É razoável que um grupo de países aplique sanções ao país de Vladimir Putin para pressioná-lo a acabar com guerra absurda que começou. Mas chega a ser engraçado que os Estados Unidos, que tanto armaram e apoiaram golpes de Estado pelo mundo, que financiaram e financiam ditaduras, que jogam imigrantes em celas imundas, que sustentam a matança promovida por Israel, venham posar de palmatória da humanidade.

Os EUA, que tantas contribuições importantes deram para todos nós, não têm o direito de fazer cobranças morais a nenhum país. Historicamente, sempre priorizaram seus próprios interesses econômicos e geopolíticos. 

O olhar do país em relação aos direitos humanos é historicamente enviesado: condena a situação em Cuba, mas finge que não vê o que ocorre em aliados como a Arábia Saudita. Há alguns meses, Trump anunciou que aceitaria um Boeing 747-8 da família real do Catar, uma fazenda em forma de nação.
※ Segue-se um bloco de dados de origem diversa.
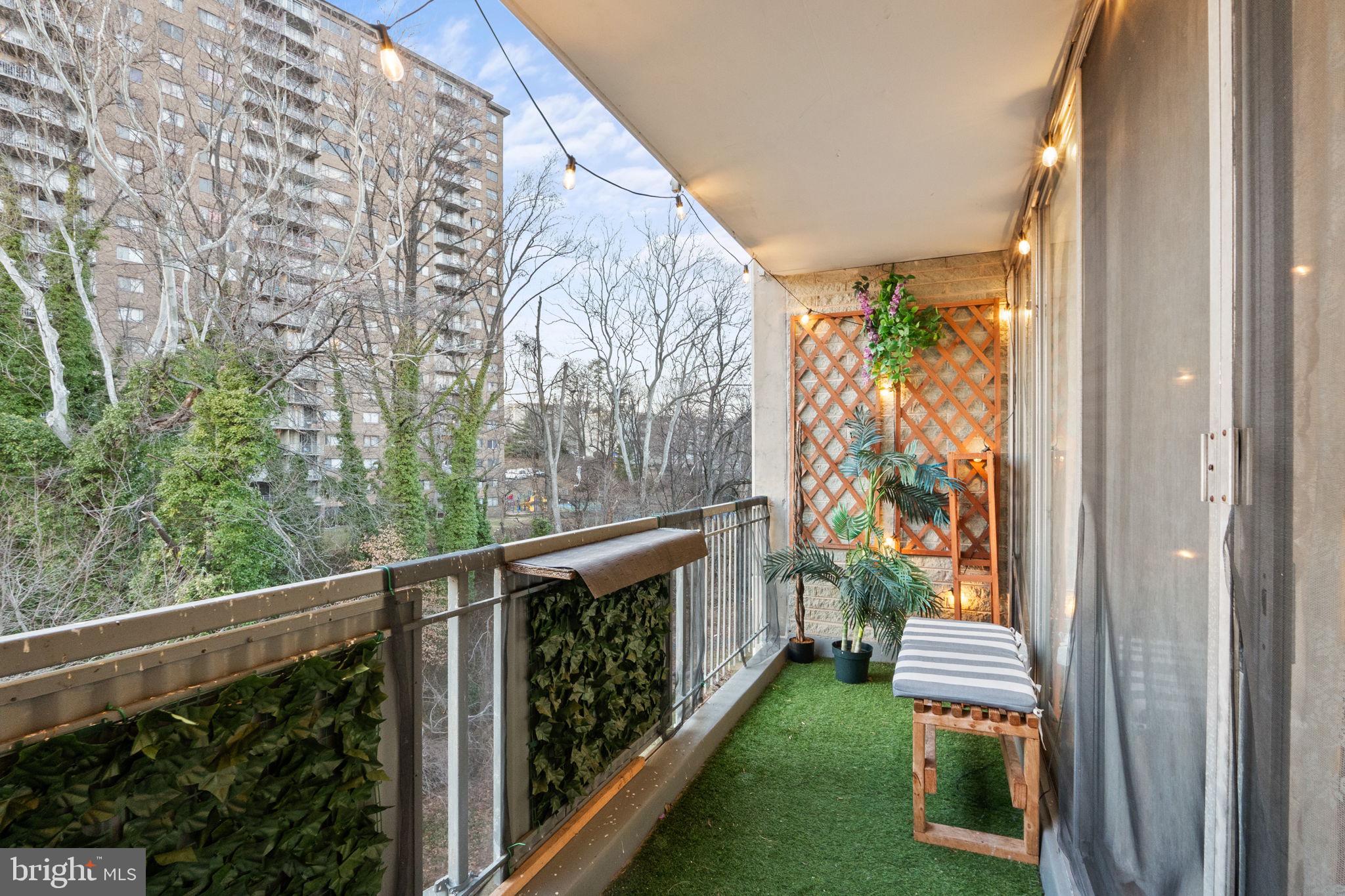 PRESIDENTIAL PARK - Residential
Mesmo assim, Trump, a exemplo de tantos líderes, especiamente os da nova safra da extrema direita, posa de juiz de todos os povos — perto dele, Xandão é apenas um estagiário de alguma vara criminal perdida no interior do Brasil, incapaz de mandar até um ladrão de galinhas para a cadeia.

O presidente norte-americano ignora todos os protocolos e acordos que, ao longo dos séculos — especialmente depois da II Guerra Mundial —, procuraram estabelecer parâmetros mínimos de convivência entre os diversos países, algo que impedisse que o fortão da rua saísse por aí socando quem achasse que deveria apanhar.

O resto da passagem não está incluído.